* [Task details]: The result should be every line in the data below that carries the string "Pool".

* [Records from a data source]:
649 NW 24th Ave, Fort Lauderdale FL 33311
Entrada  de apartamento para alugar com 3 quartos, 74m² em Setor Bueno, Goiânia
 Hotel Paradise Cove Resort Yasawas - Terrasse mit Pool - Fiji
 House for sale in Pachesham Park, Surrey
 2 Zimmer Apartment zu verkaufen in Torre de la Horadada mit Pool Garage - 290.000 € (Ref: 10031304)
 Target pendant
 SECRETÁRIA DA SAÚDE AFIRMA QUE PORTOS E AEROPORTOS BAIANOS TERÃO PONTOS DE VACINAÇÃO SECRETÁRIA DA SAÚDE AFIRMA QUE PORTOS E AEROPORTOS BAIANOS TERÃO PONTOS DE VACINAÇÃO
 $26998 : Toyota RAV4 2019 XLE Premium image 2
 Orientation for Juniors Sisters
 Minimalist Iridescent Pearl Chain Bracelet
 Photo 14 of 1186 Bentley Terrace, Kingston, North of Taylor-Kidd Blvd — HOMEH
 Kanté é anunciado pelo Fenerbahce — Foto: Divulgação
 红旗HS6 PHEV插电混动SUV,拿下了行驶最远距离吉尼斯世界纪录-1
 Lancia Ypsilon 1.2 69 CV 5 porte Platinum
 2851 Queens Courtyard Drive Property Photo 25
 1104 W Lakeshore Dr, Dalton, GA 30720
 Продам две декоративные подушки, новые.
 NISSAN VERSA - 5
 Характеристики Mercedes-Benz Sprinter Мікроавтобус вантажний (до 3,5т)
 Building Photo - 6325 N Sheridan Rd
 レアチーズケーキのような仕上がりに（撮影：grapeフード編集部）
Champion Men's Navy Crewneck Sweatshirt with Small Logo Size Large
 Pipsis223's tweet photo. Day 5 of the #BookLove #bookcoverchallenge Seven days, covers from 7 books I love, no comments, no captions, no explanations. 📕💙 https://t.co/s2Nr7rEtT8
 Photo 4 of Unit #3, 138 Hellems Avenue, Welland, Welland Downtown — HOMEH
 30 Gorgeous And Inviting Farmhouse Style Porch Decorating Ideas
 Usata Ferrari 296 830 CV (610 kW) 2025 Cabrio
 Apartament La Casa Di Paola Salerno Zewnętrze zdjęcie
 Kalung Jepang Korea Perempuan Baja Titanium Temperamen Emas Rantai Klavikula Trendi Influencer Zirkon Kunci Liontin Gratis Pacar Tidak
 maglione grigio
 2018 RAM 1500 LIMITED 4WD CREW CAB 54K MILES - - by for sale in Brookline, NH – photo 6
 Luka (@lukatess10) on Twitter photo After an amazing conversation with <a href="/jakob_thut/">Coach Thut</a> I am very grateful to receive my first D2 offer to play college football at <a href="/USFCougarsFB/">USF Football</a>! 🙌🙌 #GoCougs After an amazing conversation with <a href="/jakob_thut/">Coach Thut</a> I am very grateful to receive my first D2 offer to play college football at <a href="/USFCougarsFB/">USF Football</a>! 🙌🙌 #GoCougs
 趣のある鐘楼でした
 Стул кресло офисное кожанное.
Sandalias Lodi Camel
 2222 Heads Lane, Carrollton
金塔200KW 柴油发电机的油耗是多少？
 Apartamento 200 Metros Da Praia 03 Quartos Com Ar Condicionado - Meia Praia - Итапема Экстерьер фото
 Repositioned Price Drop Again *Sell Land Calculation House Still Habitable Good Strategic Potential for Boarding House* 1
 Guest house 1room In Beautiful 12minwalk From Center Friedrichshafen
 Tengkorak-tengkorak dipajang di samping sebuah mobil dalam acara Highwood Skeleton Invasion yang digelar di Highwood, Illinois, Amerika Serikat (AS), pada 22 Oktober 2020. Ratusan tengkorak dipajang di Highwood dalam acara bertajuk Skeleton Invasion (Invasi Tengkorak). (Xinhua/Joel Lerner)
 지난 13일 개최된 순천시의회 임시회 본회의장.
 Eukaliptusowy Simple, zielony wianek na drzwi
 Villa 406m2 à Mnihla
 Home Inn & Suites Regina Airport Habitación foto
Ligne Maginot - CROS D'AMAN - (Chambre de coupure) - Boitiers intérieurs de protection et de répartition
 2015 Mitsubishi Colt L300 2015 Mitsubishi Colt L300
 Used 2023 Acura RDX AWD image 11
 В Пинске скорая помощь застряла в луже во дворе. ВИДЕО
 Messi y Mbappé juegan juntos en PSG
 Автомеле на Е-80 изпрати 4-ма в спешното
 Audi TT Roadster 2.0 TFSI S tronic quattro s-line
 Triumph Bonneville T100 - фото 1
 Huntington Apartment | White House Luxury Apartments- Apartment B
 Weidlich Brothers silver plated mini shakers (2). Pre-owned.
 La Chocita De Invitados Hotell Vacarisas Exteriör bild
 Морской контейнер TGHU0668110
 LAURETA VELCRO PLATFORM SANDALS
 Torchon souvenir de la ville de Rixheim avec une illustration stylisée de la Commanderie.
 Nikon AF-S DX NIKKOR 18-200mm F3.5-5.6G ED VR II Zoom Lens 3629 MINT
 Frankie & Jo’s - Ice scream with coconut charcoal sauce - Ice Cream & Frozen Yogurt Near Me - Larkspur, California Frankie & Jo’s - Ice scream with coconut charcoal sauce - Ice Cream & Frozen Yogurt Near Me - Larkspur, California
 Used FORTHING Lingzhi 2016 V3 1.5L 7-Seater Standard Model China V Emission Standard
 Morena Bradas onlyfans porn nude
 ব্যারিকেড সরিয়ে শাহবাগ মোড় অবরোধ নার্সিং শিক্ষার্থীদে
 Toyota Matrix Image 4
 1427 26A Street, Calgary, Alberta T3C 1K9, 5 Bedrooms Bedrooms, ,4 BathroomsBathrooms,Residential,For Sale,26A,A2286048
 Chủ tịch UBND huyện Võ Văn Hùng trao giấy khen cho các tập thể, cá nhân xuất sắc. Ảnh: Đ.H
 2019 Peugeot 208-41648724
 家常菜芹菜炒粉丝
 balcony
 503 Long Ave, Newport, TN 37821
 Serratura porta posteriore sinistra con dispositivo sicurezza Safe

* [Exercise result]:
 Hotel Paradise Cove Resort Yasawas - Terrasse mit Pool - Fiji
 2 Zimmer Apartment zu verkaufen in Torre de la Horadada mit Pool Garage - 290.000 € (Ref: 10031304)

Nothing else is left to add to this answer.